Sexualidad, Salud y Sociedad

REVISTA LATINOAMERICANA


ISSN 1984-6487 / n.3 - 2009 - pp.4-6 / www.sexualidadsaludysociedad.org


Editorial


O número atual de Sexualidade, Saúde e Sociedade - Revista Latinoamericana traz um conjunto de artigos que, sem abandonar a análise de “problemas” sociais candentes para a Região - gravidez na adolescência, violência de gênero, AIDS, direitos sexuais da população LGBT - apresenta a qualidade de abordar tais “problemas” de modo simultaneamente criativo e competente, abrindo novas possibilidades interpretativas.
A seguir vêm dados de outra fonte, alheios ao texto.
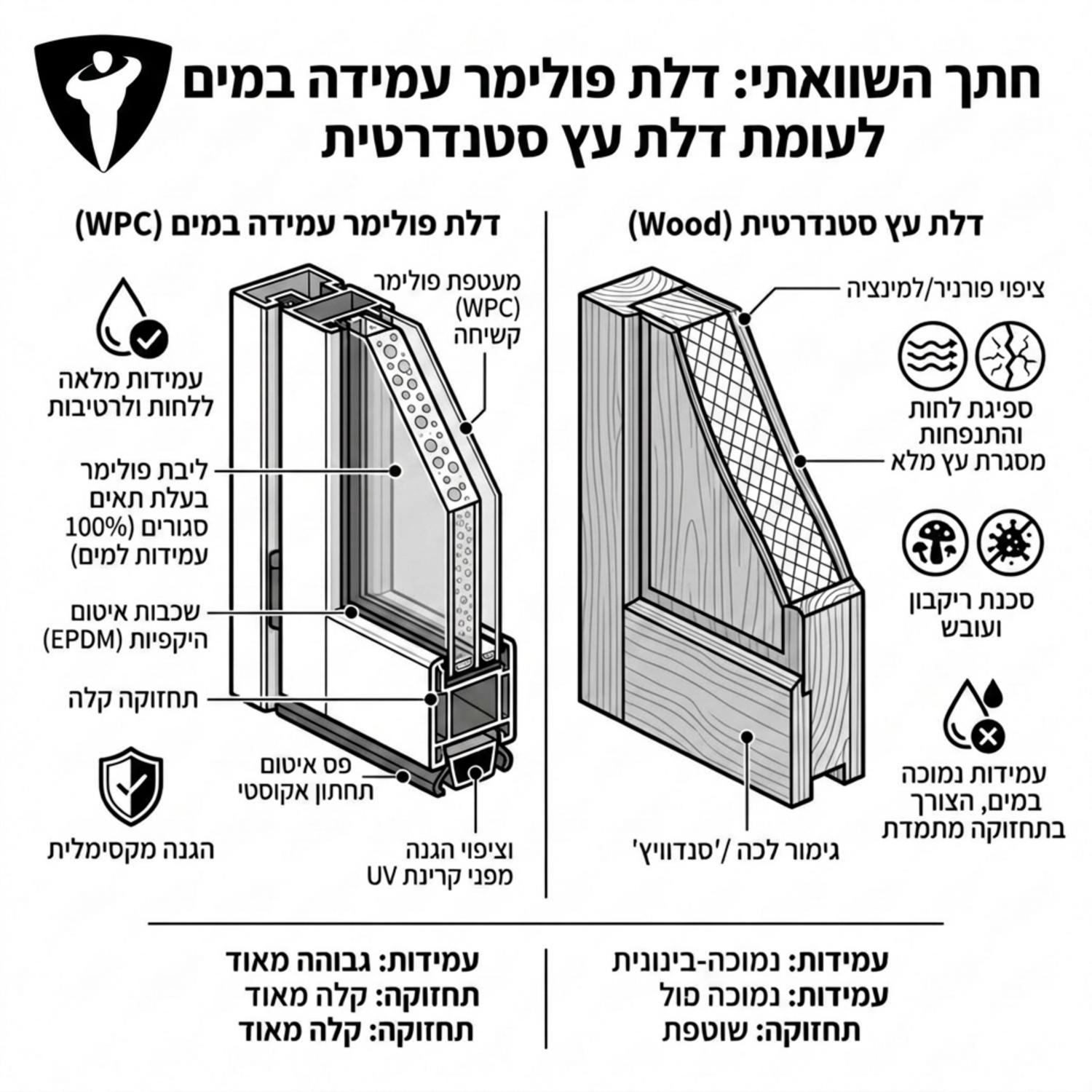 אינפוגרפיקה המציגה חתך של דלת פולימר עמידה במים לעומת דלת עץ סטנדרטית, תוך הדגשת שכבות האיטום וההגנה בפני רטיבות
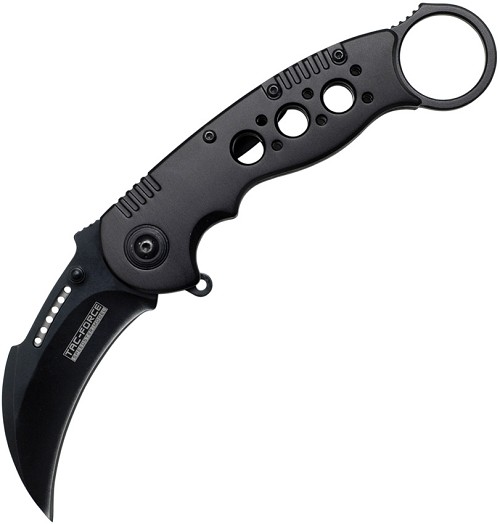 Tac Force Linerlock Pocket Knife Spring Assisted Black - TF534BK 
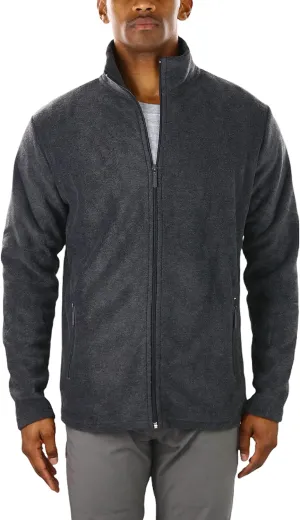 ToBeInStyle Men's Zip Up Long Sleeve High Collar Polar Fleece Jacket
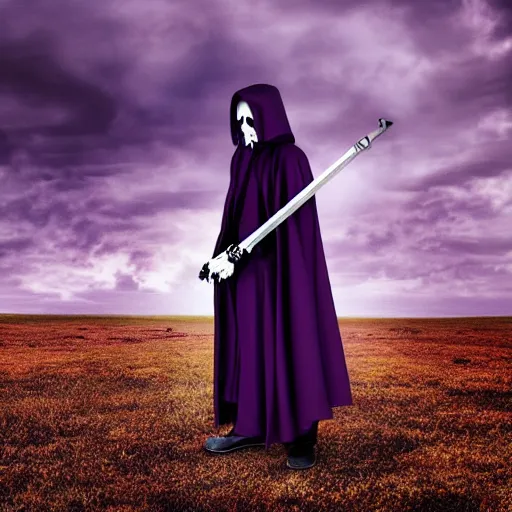 Image similar to grim reaper, purple cloak, full body, scythe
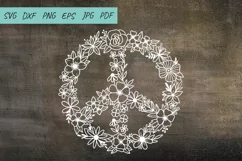 Flower SVG| Floral Peace SVG | Peace sign | Hippie SVG Product Image 5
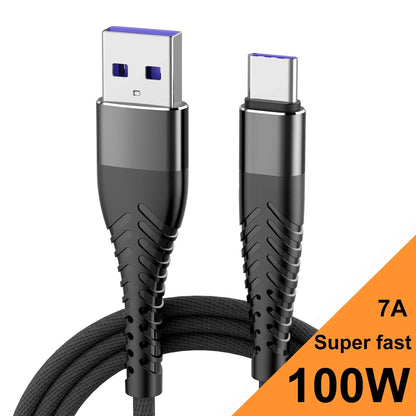100W 7A USB-C Fast Charging Cable – iPhone, Xiaomi, Huawei, Samsung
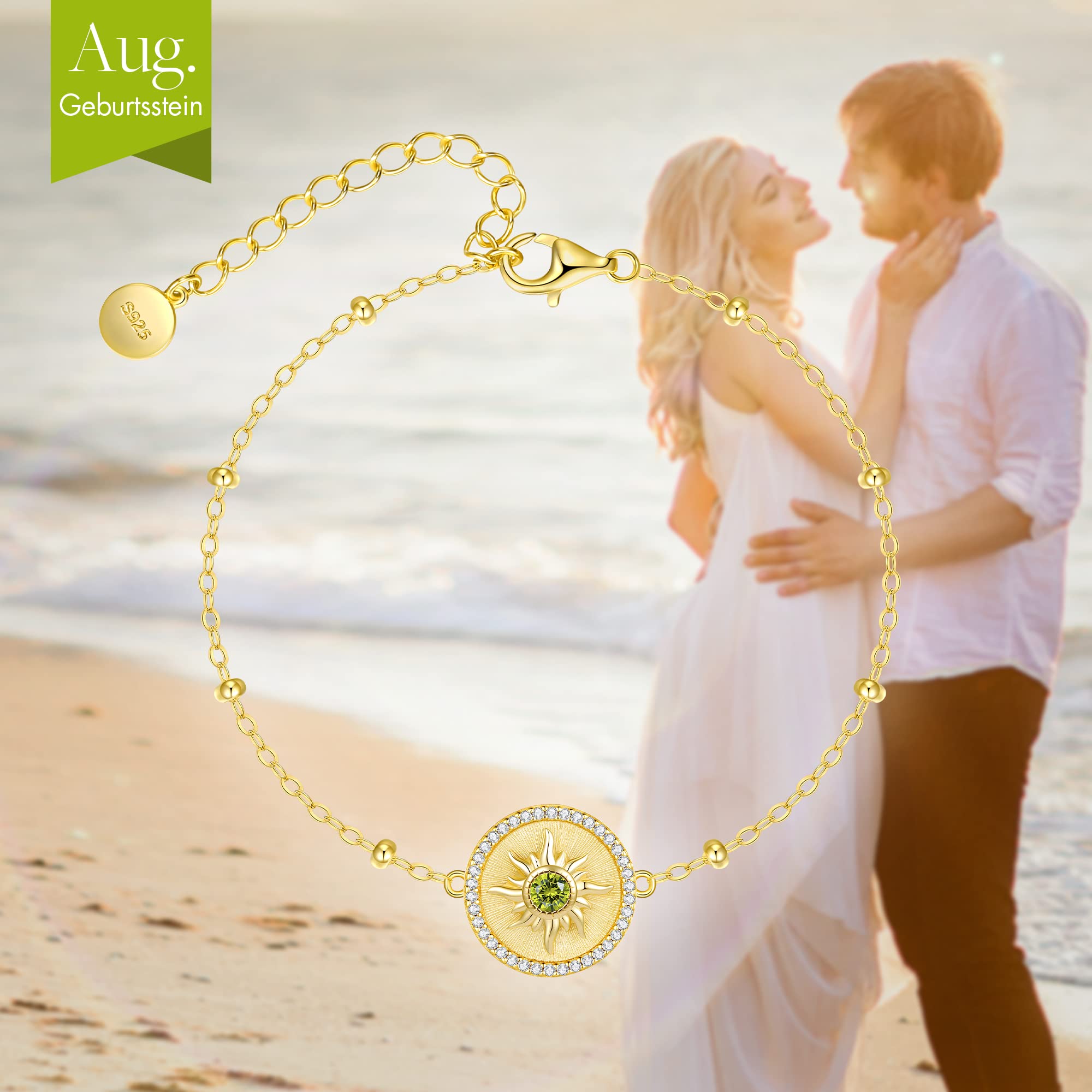 925 Sterling Silver Adjustable Sun Charm Bracelet for Women - 14K Gold Plated Link Bracelet | Birthday, Anniversary, Christmas Jewelry Gift for Her, Wife, Girlfriend, Daughter | Perfect for Beach Vacations, Summer Outfits & Boho Style Accessories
Empiricamente, todos partem de pesquisas qualitativas - sócio-antropológicas e históricas - para interpelar a sexualidade dos mais diferentes ângulos. Alguns deles, como os trabalhos de Andréa M. Alves e de Olívia von der Weid, exploram as novas “arquiteturas” (ou novas normatividades) que se desenham para as “conjugalidades heterossexuais”. Seja através da análise da prática do swing ou do significado que a traição amorosa assume para diferentes gerações de mulheres, as autoras exploram as continuidades e, sobretudo, as mudanças por que passam a moral sexual e as convenções de gênero nas sociedades latinoamericanas. Em questão aqui está a construção das cambiantes identidades sociais de homens e mulheres, que ocorre no cruzamento de gramáticas geracionais, sexuais e de gênero.

A ênfase na reflexão sobre a identidade feminina, já presente em Alves e Weid, acentua-se nos textos de Paula Aguilar e de Cecilia Garibi González, que se voltam para a análise dos discursos da mídia argentina, em um caso de “abandono” de recém-nascido por sua mãe adolescente, e o das políticas públicas mexicanas, no âmbito da luta contra a AIDS. Nesses contextos mais institucionais, as continuidades aparecem com maior destaque e, como mostram as autoras, a identidade feminina permanece em larga medida marcada por processos de naturalização e presa aos estereótipos contrastantes da “mãe” e da “puta”, bases históricas de uma subjetividade dilacerada por expectativas sociais inconciliáveis.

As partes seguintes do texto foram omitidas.